Differences between the fresh start process and the Debt relief order
- Under the DRO, at the completion of the moratorium period, the debtor is discharged from all of the qualifying debts. But in India, it is necessary for the AA to pass a discharge order at the completion of the moratorium, which will discharge the Individual from all the liabilities levied in respect of the qualifying debts.
- The DRO application is accepted and scrutinized by the official receiver, of the bankruptcy court. In India the for an application under FSO, the RP should examine the application at the first stage. The RP plays an important role in the fresh start process. However, the decision on the acceptance/rejection of the application is taken by the AA, which is the Debt Recovery Tribunal.
- In UK, the application for a DRO cannot be directly submitted by an individual, and definitely involves the participation of official receiver of the court. In India an application for Fresh Start process can be made personally by a debtor himself, but an RP would be appointed by the court to drive the process.
- In UK, the creditor has a right to object on making of the order itself, for not merely the inclusion of debt as a qualifying debt. On the basis of creditors stand, the DRO may be revoked/cancelled. On contrast, under IBC, the creditor can only object to the inclusion of the debt, or inform the incorrect information in relation to the debt under the Fresh Start, and cannot object on the FSO being made by court. This is because the final discharge for the debtor is not automatic under the law, as it will take place upon the discharge order by the AA.
- In the UK, the restrictions on the debtor will prevail for the period of moratorium during the DRO, and may also continue after the discharge by court. However, in India, there are restrictions on the debtor during the period of moratorium, these restrictions will be removed upon the passing of the discharge order by AA.

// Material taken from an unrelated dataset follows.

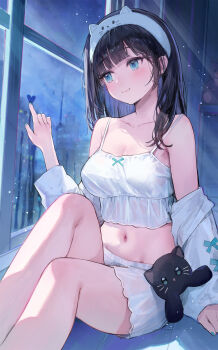 1girl absurdres animal_ear_headband arl arm_at_side arm_support ass black_hair blue_eyes blush bow_camisole breasts camisole closed_mouth commentary crop_top feet_out_of_frame glass_writing hand_up headband highres indoors knees_up large_breasts light_rays long_hair midriff navel night original short_shorts shorts sideways_glance simple_background smile solo spaghetti_strap straight_hair stuffed_animal stuffed_cat stuffed_toy white_camisole white_headband white_shorts window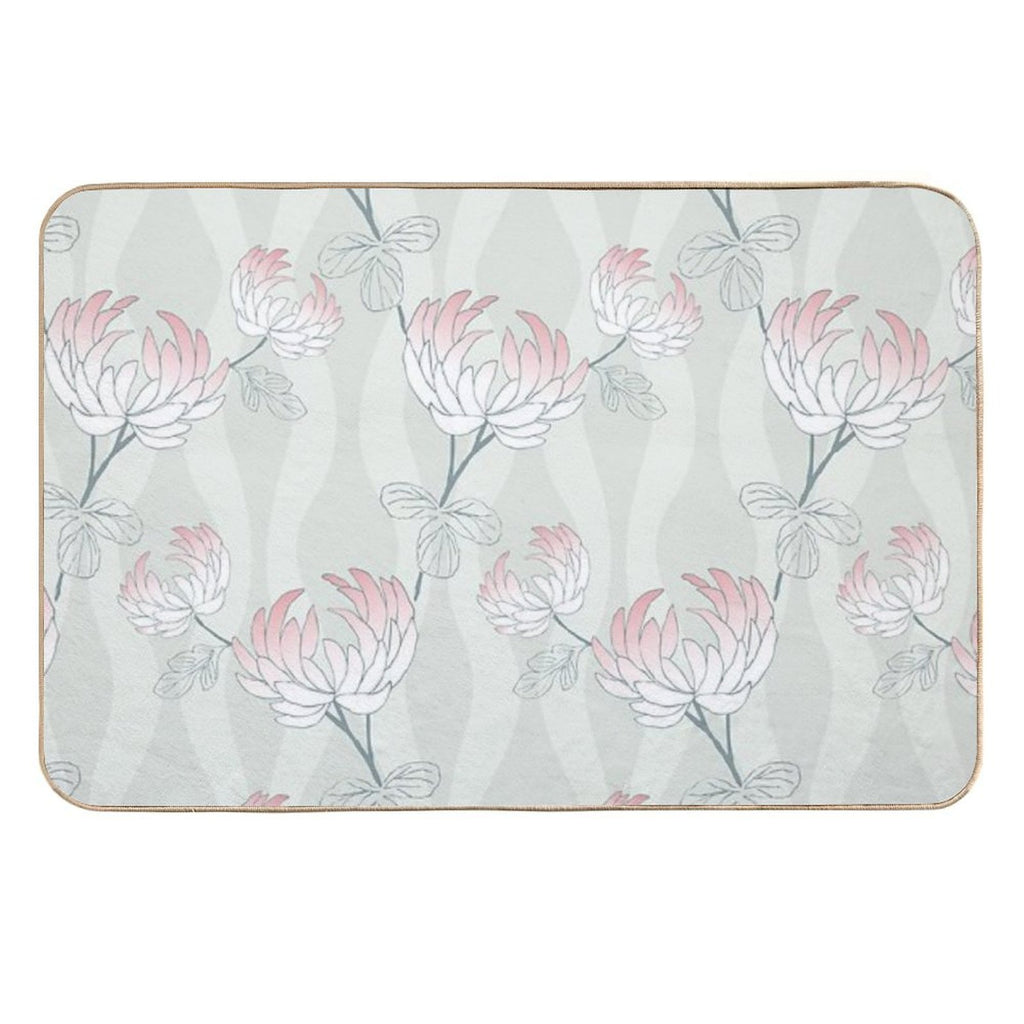 Bold Minimal Floral in Sage And Pink  Absorbent Bath Mat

“Fresh start” is a first step to free up the debtors from the old legislation of the colonial era such as the Presidency-Towns Insolvency Act of 1909 and the Provincial Insolvency Act of 1920 but the debtors need some guidance and assistance from misuse of the law. Many institutions from microfinance industry and commercial banks which lend money to such institutions apprehend that such a legislation in India will encourage small unsecured debtor to default which will eventually destroy the credit culture. It is important to understand that this process do not “erase” a debt; the discharge order is an injunction that makes a debt uncollectible. But this process will provide relief to small debtors there are various concerns in its implementation procedure. One of the major drawbacks to seek a fresh start, that the debt recovery tribunals (DRT) and there are very less than across the country. It will be difficult at times for small borrowers to get relief and make a “fresh start”. However, the government may start to set up special benches or vesting jurisdiction with another judicial body across the nation. The biggest drawback for the government is to educate the debtors about the process. The issues are being very well worked upon and the implementation of this new process would set new standards in the insolvency legislation in India.
Thus, these are the concept of fresh start process and the impact of DRO in UK and India.